The importance of passion projects for a balanced career in events

Strata's Ciaran Crudden explains why doing things you love in your spare time can be hugely beneficial to your day job.

Crudden (right) makes films in his spare time
Crudden (right) makes films in his spare time

Ciaran Crudden is design head of studio at Strata Creative Communications.

"Do what you love and you’ll never work a day in your life" … I’ve always hated that saying.

I suppose your interpretation of that saying largely depends on your definition of the word ‘work’. For some, work is a dirty word, a means to an end, a mere job chaining them to the reality of the modern world. 

For others, ‘work’ is more akin to a perpetual artistic process that isn’t confined to a typical working day pattern and one that certainly doesn’t finish when you leave the office for the day.

Ever since I was old enough to hold a crayon, I’ve been creating things. Whether it was drawing or making sandcastles, that child-like ‘creative flow’ is, for me, incredibly freeing and inspiring.

Upon leaving university and being faced with the daunting prospect of the professional world, I focused on my proficiency for graphic design, built a portfolio and got on the job ladder relatively quickly. I progressed to the position of senior designer within a few years. 

On paper, I was doing well but I couldn’t help but feel a niggling doubt in the back of my mind, a hint of resentment at having to sacrifice my interests in other creative endeavours for the sake of my career.

So, in January 2017, I made a new year’s resolution. I promised myself I would embrace all forms of creativity without exception. For years I had put off a dream of becoming a filmmaker and so I decided to start there. 

In the nearly three years since that grey January day, I have attended a writing course at the London Film School, written over 20 screenplays, produced and directed three short films and won several international awards.

Rather than diluting my existing abilities as a designer, something I originally feared, instead I have found that my passion projects were actually proving greatly beneficial to my day job. 

Making films in my spare time forced me to step out of my comfort zone. It forced me to communicate ideas with large networks of people, to work to strict budgets, to problem solve in completely new ways and learn skills and techniques along the way. 

Back at my day job, suddenly complex briefs didn’t appear so complex anymore. New perspectives allowed new ideas to form and my ability to communicate those ideas to colleagues improved dramatically. My passion for design was back! 
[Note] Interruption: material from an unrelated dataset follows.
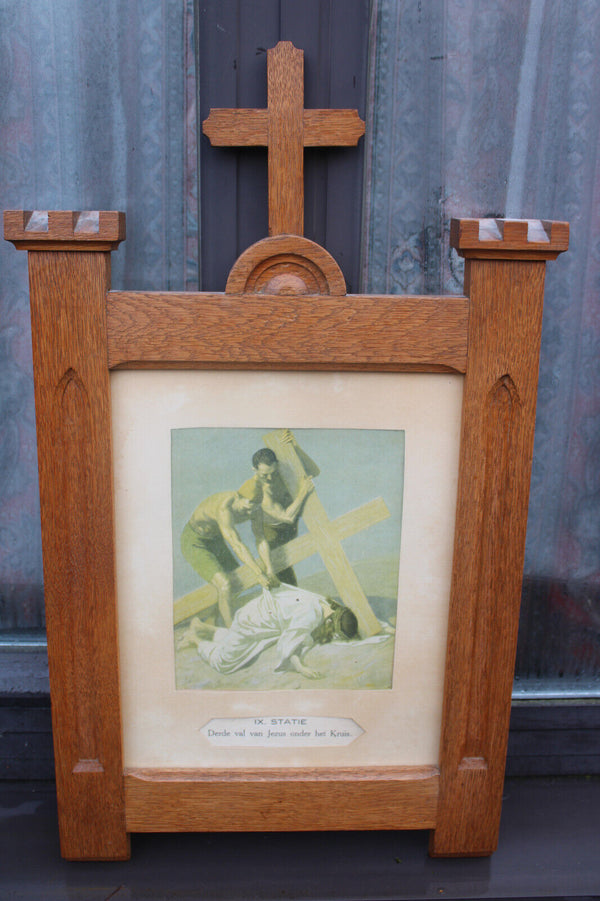 Antique church wood carved crucifix frame litho 14 stations of the cross panels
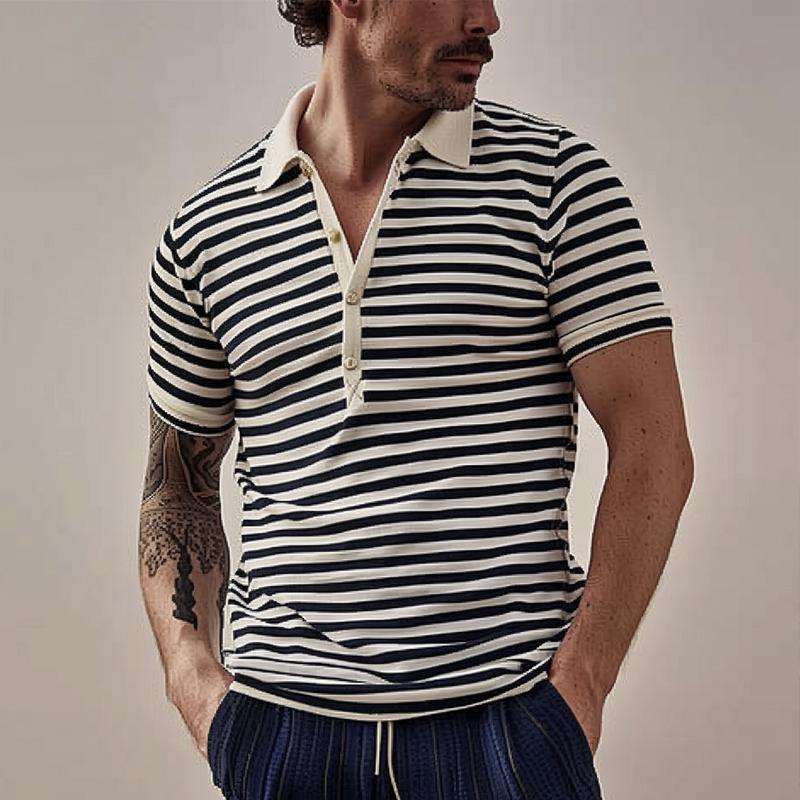 【24-hour shipping】Men's Striped Lapel Short Sleeve Polo Shirt 68617295Z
Armed with my new-found creative outlook I joined Strata as design head of studio in late 2018. Since joining Strata I’ve noticed countless parallels between filmmaking and creative events. 

Complex production, tight-turnaround times, use of lighting, art direction, storytelling, message engagement, the list is endless. I have no doubt that without my work in film, I would be much less qualified and capable in my role. And vice-versa, working with some of the world’s largest brands at Strata greatly enriches and informs the work I do outside the office too. 

As I continue to progress through my career the lines between my job and passion projects continue to blur. They enrich one another while providing the balance I need to develop and find new challenges.